§ **Problem statement**: Taking only the lines of the data below from the line with "LED Luminous Walking Dog Accessory" to the line with "QRコード https://mirunuku.net/?cid=abod122", ends included, write them out exactly and without pictures.

§ **Supplied records**:
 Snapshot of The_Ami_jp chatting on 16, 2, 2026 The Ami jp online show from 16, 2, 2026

* * *

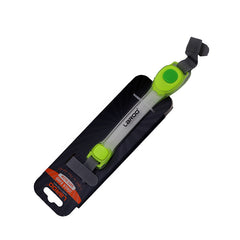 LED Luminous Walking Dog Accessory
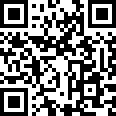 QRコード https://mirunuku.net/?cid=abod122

...

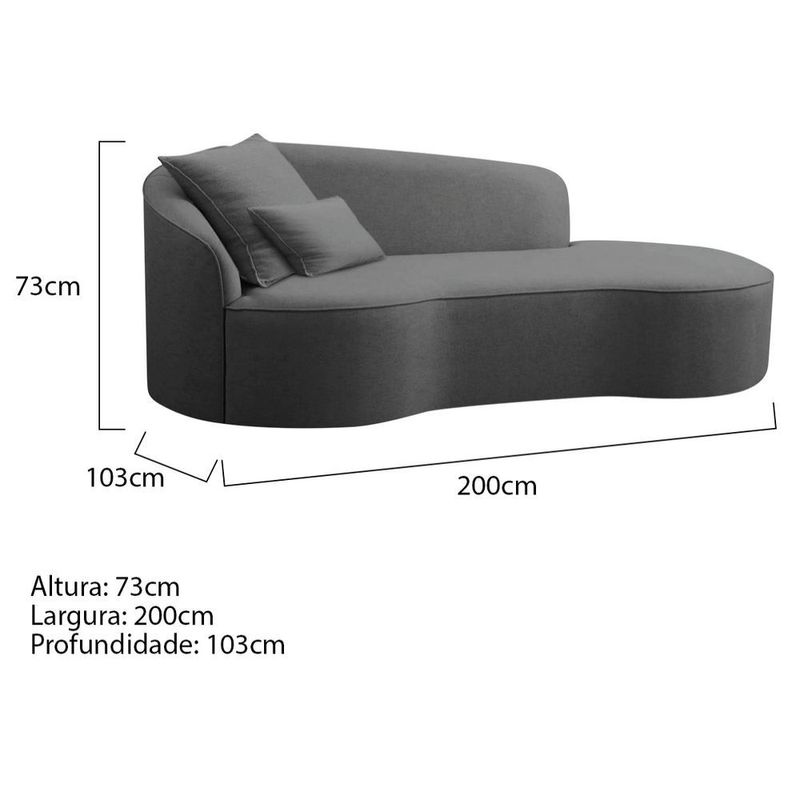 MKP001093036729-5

§ **Answer to this problem**:
 LED Luminous Walking Dog Accessory
 QRコード https://mirunuku.net/?cid=abod122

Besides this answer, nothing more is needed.